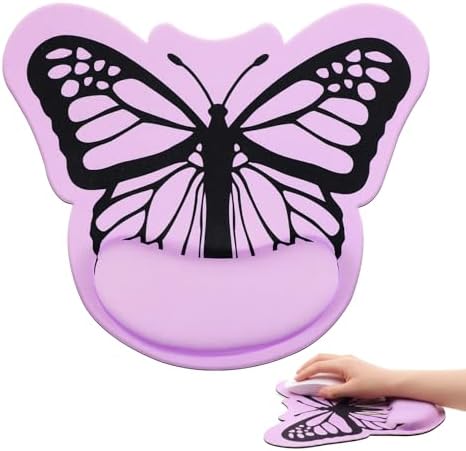 Sabary Purple Mouse Pad with Wrist Rest Butterfly Ergonomic Gel Mouse Pad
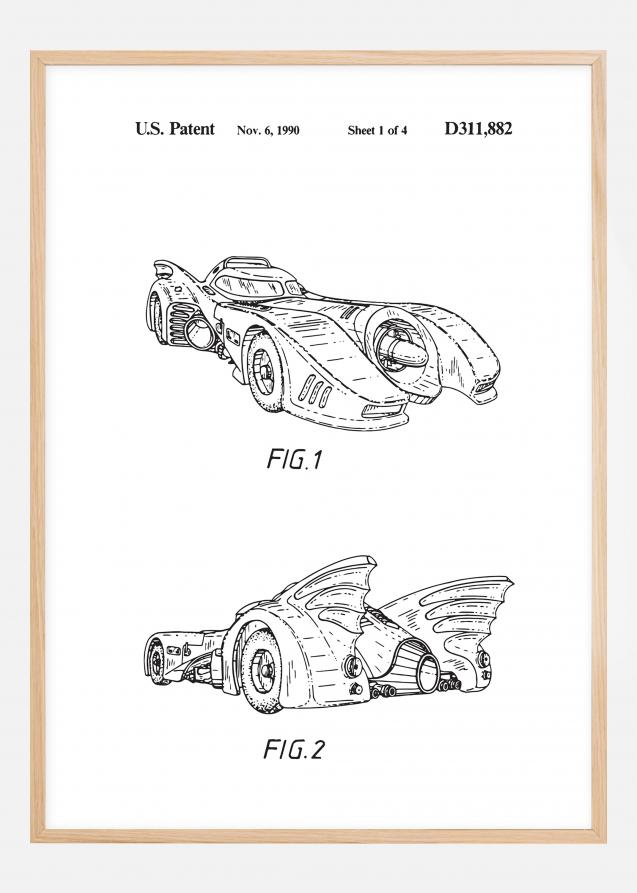 Patenttegning - Batman - Batmobile 1990 I Plakat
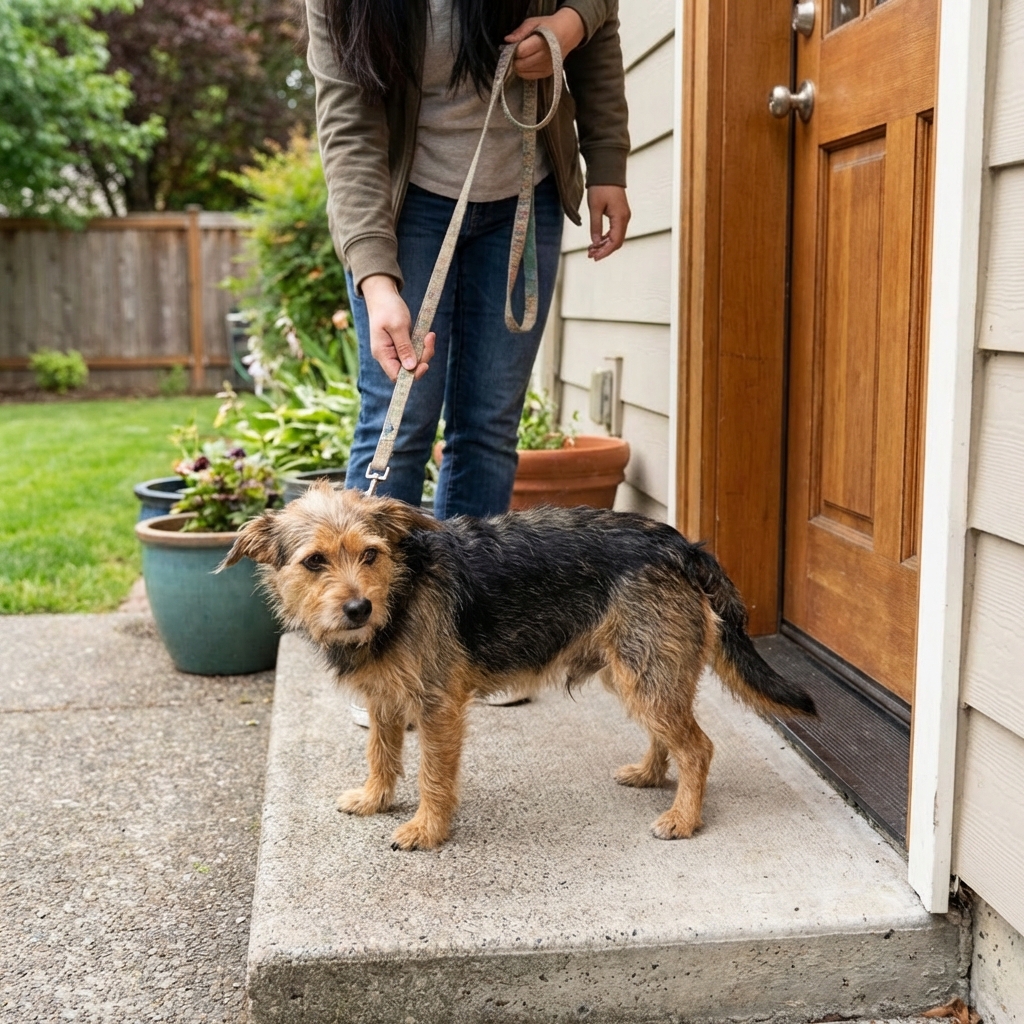A small mixed-breed dog standing next to a back door looking uncomfortable while a person holds a leash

▸ What to do: Output everything in the material exactly. Pictures stay out of it.

▸ Response to this task:
 Sabary Purple Mouse Pad with Wrist Rest Butterfly Ergonomic Gel Mouse Pad
 Patenttegning - Batman - Batmobile 1990 I Plakat
A small mixed-breed dog standing next to a back door looking uncomfortable while a person holds a leash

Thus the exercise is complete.